(RECORDED DATA):
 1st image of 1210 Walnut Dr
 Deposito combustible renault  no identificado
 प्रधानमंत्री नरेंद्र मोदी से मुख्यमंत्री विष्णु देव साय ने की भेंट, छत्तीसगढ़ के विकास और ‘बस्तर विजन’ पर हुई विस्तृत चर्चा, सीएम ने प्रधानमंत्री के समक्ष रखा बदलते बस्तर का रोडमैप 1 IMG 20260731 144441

(ACTION ITEM): Give the data again exactly, line for line.

(ANSWER FOR THE TASK):
 1st image of 1210 Walnut Dr
 Deposito combustible renault  no identificado
 प्रधानमंत्री नरेंद्र मोदी से मुख्यमंत्री विष्णु देव साय ने की भेंट, छत्तीसगढ़ के विकास और ‘बस्तर विजन’ पर हुई विस्तृत चर्चा, सीएम ने प्रधानमंत्री के समक्ष रखा बदलते बस्तर का रोडमैप 1 IMG 20260731 144441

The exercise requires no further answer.